Search the material for "para" and copy each line in which it is found.

== EXTRACTED DATA ==
____________________

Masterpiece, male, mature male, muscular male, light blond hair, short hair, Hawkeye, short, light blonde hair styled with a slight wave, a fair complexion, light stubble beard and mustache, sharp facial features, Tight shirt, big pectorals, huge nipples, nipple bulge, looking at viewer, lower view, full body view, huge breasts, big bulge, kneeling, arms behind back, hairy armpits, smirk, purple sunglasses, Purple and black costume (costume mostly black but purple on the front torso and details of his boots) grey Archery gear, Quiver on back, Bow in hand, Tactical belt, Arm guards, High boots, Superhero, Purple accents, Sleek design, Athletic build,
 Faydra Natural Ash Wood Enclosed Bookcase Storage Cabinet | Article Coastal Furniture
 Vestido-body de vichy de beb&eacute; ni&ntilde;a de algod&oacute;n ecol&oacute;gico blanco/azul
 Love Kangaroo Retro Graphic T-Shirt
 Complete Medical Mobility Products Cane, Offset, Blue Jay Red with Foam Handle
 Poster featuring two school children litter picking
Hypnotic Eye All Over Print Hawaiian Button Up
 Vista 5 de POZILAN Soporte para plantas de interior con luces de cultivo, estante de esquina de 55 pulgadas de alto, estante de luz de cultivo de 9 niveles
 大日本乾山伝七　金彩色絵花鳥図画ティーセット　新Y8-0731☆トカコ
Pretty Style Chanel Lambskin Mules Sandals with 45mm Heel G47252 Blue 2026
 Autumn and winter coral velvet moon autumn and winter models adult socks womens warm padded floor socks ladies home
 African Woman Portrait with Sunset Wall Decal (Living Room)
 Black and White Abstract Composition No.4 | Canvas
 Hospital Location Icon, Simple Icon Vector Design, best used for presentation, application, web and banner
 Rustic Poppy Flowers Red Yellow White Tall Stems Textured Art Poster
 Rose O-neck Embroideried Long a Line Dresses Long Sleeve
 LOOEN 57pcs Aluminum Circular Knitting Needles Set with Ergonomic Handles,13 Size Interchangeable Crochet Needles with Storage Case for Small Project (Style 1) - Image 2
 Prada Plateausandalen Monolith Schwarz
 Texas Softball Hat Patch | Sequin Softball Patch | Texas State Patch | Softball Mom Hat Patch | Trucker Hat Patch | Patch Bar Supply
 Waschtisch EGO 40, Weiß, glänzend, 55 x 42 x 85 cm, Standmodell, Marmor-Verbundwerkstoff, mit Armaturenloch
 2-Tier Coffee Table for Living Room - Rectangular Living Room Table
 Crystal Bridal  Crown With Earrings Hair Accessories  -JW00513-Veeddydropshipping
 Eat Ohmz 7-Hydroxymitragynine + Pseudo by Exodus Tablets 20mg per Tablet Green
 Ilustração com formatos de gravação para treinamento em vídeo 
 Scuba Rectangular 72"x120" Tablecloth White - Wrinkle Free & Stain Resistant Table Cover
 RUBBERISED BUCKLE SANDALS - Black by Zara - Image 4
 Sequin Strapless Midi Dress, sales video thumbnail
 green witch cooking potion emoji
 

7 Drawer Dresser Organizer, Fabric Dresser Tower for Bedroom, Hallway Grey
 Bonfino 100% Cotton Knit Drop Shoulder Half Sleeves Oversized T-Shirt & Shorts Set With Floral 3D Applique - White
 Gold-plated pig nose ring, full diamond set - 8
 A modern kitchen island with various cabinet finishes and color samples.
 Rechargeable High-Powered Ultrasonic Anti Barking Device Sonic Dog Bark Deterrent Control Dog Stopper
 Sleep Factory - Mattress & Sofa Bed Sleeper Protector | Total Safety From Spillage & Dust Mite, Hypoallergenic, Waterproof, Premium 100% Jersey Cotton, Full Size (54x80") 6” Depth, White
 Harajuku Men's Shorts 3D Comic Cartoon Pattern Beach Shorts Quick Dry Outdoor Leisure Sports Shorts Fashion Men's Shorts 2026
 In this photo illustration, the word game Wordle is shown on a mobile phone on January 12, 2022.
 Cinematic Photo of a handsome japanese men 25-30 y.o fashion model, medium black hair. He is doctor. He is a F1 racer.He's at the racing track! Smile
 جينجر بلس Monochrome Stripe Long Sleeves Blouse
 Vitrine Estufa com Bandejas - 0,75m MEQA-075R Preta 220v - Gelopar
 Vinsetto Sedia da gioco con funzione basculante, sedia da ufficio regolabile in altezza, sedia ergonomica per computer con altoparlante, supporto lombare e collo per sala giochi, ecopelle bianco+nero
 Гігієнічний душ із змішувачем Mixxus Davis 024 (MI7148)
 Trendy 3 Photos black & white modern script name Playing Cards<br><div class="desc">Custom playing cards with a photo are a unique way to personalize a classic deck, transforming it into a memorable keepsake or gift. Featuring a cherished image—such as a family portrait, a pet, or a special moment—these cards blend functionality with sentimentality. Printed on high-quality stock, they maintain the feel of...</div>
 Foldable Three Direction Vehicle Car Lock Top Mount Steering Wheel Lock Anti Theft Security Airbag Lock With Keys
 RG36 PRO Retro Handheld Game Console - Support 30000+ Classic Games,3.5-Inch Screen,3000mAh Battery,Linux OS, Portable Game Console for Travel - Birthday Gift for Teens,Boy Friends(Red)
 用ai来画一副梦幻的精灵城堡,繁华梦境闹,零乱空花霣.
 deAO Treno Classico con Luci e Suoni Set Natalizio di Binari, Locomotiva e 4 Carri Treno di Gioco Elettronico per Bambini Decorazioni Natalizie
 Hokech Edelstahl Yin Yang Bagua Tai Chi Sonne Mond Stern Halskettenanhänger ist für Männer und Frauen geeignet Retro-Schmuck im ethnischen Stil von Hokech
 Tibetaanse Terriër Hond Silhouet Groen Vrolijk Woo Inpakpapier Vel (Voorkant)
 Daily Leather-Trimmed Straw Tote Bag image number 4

____________________

== ANSWER FOR THIS EXERCISE ==
 Vista 5 de POZILAN Soporte para plantas de interior con luces de cultivo, estante de esquina de 55 pulgadas de alto, estante de luz de cultivo de 9 niveles
 Ilustração com formatos de gravação para treinamento em vídeo 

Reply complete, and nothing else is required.